_Your objective_
Below, locate the line that contains "Address not available!, 6". Repeat exactly from that line to the line that contains "Ritzy(リッツィー)の「フェイクレイヤード リボンドット柄 ショート丈", inclusive, leaving out the pictures.

_Input_
════════════════════

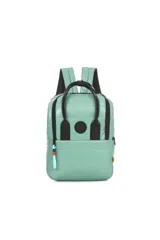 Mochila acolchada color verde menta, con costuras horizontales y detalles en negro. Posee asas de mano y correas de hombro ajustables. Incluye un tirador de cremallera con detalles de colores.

════════════════════

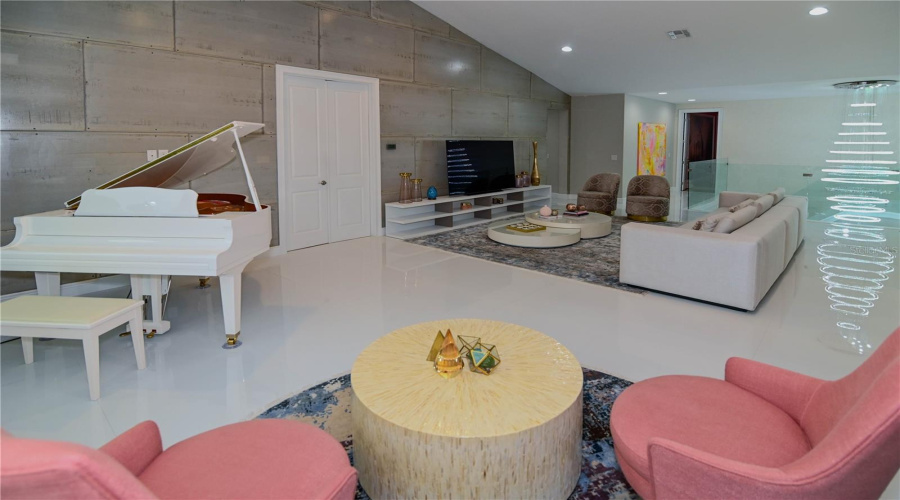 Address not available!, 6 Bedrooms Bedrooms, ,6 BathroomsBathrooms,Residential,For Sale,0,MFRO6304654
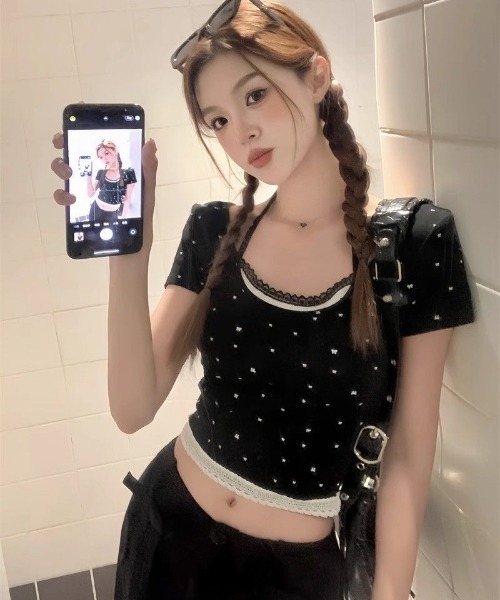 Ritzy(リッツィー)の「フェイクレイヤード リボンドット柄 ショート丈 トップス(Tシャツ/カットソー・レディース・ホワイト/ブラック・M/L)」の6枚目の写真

════════════════════

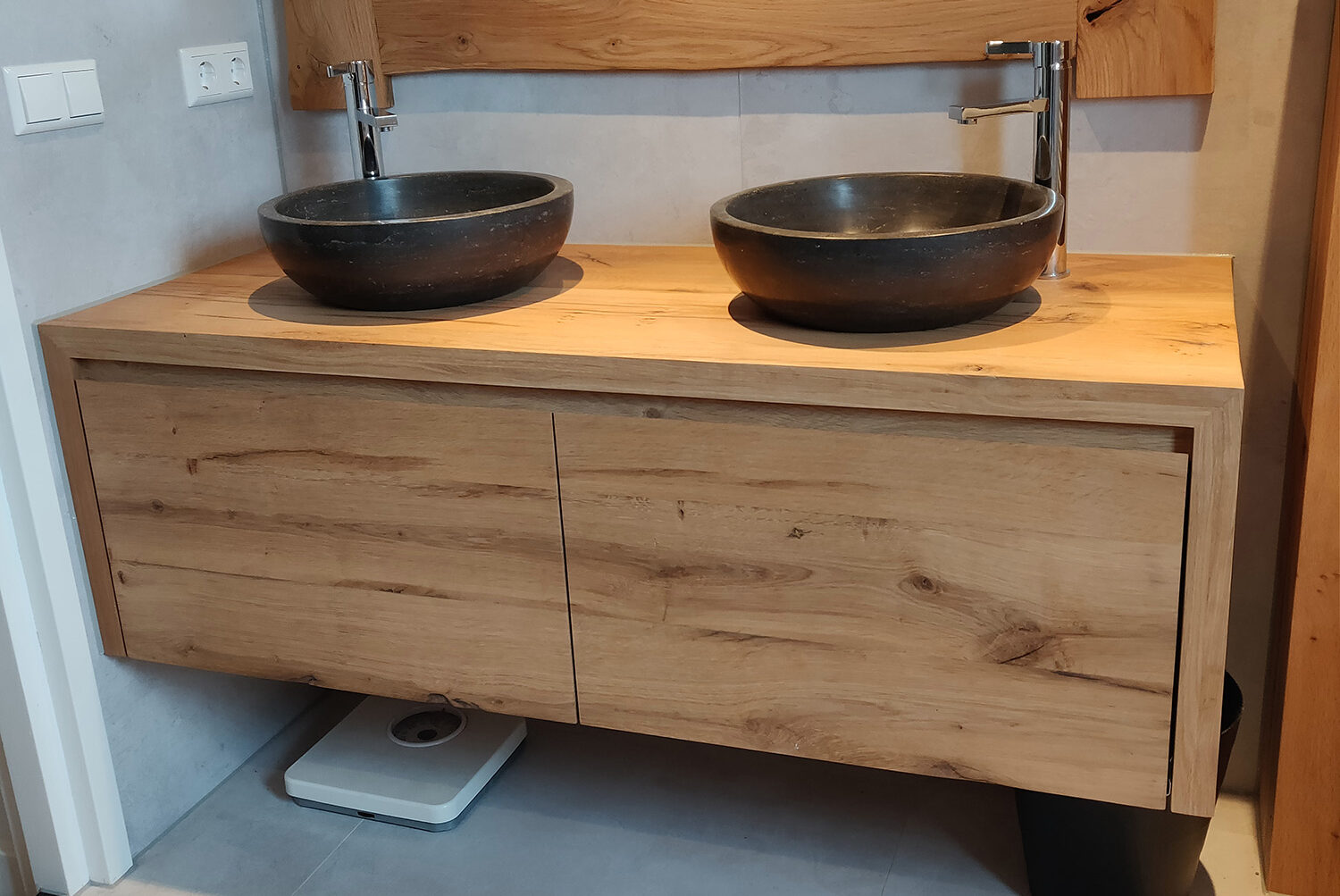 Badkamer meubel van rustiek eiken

════════════════════

_Response to the exercise_
 Address not available!, 6 Bedrooms Bedrooms, ,6 BathroomsBathrooms,Residential,For Sale,0,MFRO6304654
 Ritzy(リッツィー)の「フェイクレイヤード リボンドット柄 ショート丈 トップス(Tシャツ/カットソー・レディース・ホワイト/ブラック・M/L)」の6枚目の写真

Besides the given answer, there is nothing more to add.